- WORK REQUIRED -
Print out the records precisely, keeping each line identical to its source.

(Crawled caption data)

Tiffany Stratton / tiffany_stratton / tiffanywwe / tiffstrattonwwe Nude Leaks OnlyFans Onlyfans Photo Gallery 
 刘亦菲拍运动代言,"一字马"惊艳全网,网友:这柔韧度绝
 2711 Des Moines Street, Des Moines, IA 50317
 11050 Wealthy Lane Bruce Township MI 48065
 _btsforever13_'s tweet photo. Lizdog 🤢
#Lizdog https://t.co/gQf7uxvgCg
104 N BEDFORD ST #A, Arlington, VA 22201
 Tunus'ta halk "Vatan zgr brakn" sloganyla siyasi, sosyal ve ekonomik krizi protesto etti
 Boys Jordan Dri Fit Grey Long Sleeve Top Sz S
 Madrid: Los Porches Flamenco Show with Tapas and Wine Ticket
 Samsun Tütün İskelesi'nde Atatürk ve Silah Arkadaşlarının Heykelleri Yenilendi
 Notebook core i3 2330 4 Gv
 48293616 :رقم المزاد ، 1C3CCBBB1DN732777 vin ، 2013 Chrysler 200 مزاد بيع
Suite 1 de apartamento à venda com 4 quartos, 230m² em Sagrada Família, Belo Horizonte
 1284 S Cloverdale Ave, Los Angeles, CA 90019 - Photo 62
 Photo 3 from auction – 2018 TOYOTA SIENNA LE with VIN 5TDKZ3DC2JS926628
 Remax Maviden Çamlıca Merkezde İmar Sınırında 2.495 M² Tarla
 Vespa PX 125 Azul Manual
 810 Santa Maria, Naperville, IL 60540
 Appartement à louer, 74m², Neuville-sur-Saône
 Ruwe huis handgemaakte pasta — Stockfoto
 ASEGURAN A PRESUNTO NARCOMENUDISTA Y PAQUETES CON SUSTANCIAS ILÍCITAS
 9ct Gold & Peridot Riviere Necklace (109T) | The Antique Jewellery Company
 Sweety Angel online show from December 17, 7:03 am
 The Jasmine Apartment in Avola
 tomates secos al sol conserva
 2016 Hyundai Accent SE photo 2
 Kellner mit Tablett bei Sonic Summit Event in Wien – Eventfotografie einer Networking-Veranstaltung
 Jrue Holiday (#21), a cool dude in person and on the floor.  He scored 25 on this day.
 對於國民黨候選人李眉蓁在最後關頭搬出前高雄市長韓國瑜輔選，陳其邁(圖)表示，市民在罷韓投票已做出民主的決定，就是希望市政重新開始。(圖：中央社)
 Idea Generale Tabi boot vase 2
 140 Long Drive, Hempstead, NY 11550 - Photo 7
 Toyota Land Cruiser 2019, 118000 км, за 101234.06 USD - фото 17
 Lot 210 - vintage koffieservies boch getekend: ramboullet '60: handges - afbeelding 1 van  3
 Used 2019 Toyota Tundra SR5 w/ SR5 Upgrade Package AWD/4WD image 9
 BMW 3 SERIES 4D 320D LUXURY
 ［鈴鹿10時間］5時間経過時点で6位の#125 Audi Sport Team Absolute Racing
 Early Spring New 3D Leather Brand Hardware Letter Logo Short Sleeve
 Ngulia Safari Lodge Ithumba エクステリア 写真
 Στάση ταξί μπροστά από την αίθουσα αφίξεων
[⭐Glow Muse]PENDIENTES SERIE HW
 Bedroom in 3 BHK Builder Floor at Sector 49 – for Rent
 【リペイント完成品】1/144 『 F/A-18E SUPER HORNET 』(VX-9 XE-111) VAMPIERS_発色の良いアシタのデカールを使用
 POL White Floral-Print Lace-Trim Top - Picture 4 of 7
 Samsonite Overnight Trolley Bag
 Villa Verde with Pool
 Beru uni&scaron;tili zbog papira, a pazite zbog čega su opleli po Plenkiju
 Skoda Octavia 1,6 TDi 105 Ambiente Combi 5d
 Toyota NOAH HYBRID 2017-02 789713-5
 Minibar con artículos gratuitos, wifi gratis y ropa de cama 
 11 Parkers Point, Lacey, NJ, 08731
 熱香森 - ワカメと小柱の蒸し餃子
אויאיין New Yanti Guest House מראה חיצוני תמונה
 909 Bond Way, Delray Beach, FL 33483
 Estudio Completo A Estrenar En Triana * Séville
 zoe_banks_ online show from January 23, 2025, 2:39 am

- RESPONSE TO THIS EXERCISE -
Tiffany Stratton / tiffany_stratton / tiffanywwe / tiffstrattonwwe Nude Leaks OnlyFans Onlyfans Photo Gallery 
 刘亦菲拍运动代言,"一字马"惊艳全网,网友:这柔韧度绝
 2711 Des Moines Street, Des Moines, IA 50317
 11050 Wealthy Lane Bruce Township MI 48065
 _btsforever13_'s tweet photo. Lizdog 🤢
#Lizdog https://t.co/gQf7uxvgCg
104 N BEDFORD ST #A, Arlington, VA 22201
 Tunus'ta halk "Vatan zgr brakn" sloganyla siyasi, sosyal ve ekonomik krizi protesto etti
 Boys Jordan Dri Fit Grey Long Sleeve Top Sz S
 Madrid: Los Porches Flamenco Show with Tapas and Wine Ticket
 Samsun Tütün İskelesi'nde Atatürk ve Silah Arkadaşlarının Heykelleri Yenilendi
 Notebook core i3 2330 4 Gv
 48293616 :رقم المزاد ، 1C3CCBBB1DN732777 vin ، 2013 Chrysler 200 مزاد بيع
Suite 1 de apartamento à venda com 4 quartos, 230m² em Sagrada Família, Belo Horizonte
 1284 S Cloverdale Ave, Los Angeles, CA 90019 - Photo 62
 Photo 3 from auction – 2018 TOYOTA SIENNA LE with VIN 5TDKZ3DC2JS926628
 Remax Maviden Çamlıca Merkezde İmar Sınırında 2.495 M² Tarla
 Vespa PX 125 Azul Manual
 810 Santa Maria, Naperville, IL 60540
 Appartement à louer, 74m², Neuville-sur-Saône
 Ruwe huis handgemaakte pasta — Stockfoto
 ASEGURAN A PRESUNTO NARCOMENUDISTA Y PAQUETES CON SUSTANCIAS ILÍCITAS
 9ct Gold & Peridot Riviere Necklace (109T) | The Antique Jewellery Company
 Sweety Angel online show from December 17, 7:03 am
 The Jasmine Apartment in Avola
 tomates secos al sol conserva
 2016 Hyundai Accent SE photo 2
 Kellner mit Tablett bei Sonic Summit Event in Wien – Eventfotografie einer Networking-Veranstaltung
 Jrue Holiday (#21), a cool dude in person and on the floor.  He scored 25 on this day.
 對於國民黨候選人李眉蓁在最後關頭搬出前高雄市長韓國瑜輔選，陳其邁(圖)表示，市民在罷韓投票已做出民主的決定，就是希望市政重新開始。(圖：中央社)
 Idea Generale Tabi boot vase 2
 140 Long Drive, Hempstead, NY 11550 - Photo 7
 Toyota Land Cruiser 2019, 118000 км, за 101234.06 USD - фото 17
 Lot 210 - vintage koffieservies boch getekend: ramboullet '60: handges - afbeelding 1 van  3
 Used 2019 Toyota Tundra SR5 w/ SR5 Upgrade Package AWD/4WD image 9
 BMW 3 SERIES 4D 320D LUXURY
 ［鈴鹿10時間］5時間経過時点で6位の#125 Audi Sport Team Absolute Racing
 Early Spring New 3D Leather Brand Hardware Letter Logo Short Sleeve
 Ngulia Safari Lodge Ithumba エクステリア 写真
 Στάση ταξί μπροστά από την αίθουσα αφίξεων
[⭐Glow Muse]PENDIENTES SERIE HW
 Bedroom in 3 BHK Builder Floor at Sector 49 – for Rent
 【リペイント完成品】1/144 『 F/A-18E SUPER HORNET 』(VX-9 XE-111) VAMPIERS_発色の良いアシタのデカールを使用
 POL White Floral-Print Lace-Trim Top - Picture 4 of 7
 Samsonite Overnight Trolley Bag
 Villa Verde with Pool
 Beru uni&scaron;tili zbog papira, a pazite zbog čega su opleli po Plenkiju
 Skoda Octavia 1,6 TDi 105 Ambiente Combi 5d
 Toyota NOAH HYBRID 2017-02 789713-5
 Minibar con artículos gratuitos, wifi gratis y ropa de cama 
 11 Parkers Point, Lacey, NJ, 08731
 熱香森 - ワカメと小柱の蒸し餃子
אויאיין New Yanti Guest House מראה חיצוני תמונה
 909 Bond Way, Delray Beach, FL 33483
 Estudio Completo A Estrenar En Triana * Séville
 zoe_banks_ online show from January 23, 2025, 2:39 am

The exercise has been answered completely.